Supplied records
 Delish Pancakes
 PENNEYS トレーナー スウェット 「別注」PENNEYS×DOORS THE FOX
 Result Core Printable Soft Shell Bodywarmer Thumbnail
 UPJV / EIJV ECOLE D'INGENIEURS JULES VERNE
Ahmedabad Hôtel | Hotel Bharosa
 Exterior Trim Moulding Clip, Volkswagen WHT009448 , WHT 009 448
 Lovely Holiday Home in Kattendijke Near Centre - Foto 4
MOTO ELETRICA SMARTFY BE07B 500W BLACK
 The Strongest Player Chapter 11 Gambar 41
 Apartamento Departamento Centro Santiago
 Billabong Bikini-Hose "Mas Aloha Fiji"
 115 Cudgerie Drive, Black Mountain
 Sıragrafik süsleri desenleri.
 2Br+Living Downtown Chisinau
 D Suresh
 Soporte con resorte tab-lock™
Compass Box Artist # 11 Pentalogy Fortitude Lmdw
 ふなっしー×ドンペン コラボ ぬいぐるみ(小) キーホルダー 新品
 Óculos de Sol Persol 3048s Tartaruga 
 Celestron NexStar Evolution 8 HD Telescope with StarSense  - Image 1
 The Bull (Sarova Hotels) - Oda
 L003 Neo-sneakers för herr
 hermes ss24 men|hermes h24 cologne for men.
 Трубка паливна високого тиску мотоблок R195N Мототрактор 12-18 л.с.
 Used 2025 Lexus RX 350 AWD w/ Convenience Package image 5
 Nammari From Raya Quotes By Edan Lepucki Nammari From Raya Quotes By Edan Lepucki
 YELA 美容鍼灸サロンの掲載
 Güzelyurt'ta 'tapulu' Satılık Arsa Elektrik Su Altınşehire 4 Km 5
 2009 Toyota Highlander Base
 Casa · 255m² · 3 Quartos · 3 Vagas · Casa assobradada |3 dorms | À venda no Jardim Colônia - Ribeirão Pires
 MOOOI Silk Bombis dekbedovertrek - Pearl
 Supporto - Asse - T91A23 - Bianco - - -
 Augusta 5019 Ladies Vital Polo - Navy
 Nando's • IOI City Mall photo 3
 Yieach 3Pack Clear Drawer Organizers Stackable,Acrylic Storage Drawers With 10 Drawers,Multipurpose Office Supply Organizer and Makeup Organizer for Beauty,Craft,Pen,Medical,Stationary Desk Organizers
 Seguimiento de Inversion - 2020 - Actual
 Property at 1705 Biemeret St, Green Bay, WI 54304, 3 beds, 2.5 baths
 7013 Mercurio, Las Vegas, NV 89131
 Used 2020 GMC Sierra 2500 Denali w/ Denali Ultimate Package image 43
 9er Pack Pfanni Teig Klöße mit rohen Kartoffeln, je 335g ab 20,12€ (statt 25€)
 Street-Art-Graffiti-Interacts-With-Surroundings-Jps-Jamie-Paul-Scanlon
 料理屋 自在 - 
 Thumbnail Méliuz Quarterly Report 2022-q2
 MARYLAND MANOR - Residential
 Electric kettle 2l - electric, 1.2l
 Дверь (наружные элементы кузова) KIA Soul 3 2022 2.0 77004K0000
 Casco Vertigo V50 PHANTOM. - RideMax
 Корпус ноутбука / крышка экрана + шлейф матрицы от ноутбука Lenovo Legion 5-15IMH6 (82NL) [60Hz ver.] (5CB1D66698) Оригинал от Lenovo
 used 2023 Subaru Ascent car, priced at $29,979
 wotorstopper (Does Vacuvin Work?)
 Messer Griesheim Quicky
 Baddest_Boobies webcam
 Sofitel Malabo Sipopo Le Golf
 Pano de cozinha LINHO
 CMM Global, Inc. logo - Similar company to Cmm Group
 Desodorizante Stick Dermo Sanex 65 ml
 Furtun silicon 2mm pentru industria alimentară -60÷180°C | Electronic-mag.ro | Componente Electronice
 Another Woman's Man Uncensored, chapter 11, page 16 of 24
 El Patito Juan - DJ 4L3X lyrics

Aim of the exercise
Please transcribe the material line by line, exactly, from its opening line through the line that contains "2Br+Living Downtown Chisinau".

Solution to this task
 Delish Pancakes
 PENNEYS トレーナー スウェット 「別注」PENNEYS×DOORS THE FOX
 Result Core Printable Soft Shell Bodywarmer Thumbnail
 UPJV / EIJV ECOLE D'INGENIEURS JULES VERNE
Ahmedabad Hôtel | Hotel Bharosa
 Exterior Trim Moulding Clip, Volkswagen WHT009448 , WHT 009 448
 Lovely Holiday Home in Kattendijke Near Centre - Foto 4
MOTO ELETRICA SMARTFY BE07B 500W BLACK
 The Strongest Player Chapter 11 Gambar 41
 Apartamento Departamento Centro Santiago
 Billabong Bikini-Hose "Mas Aloha Fiji"
 115 Cudgerie Drive, Black Mountain
 Sıragrafik süsleri desenleri.
 2Br+Living Downtown Chisinau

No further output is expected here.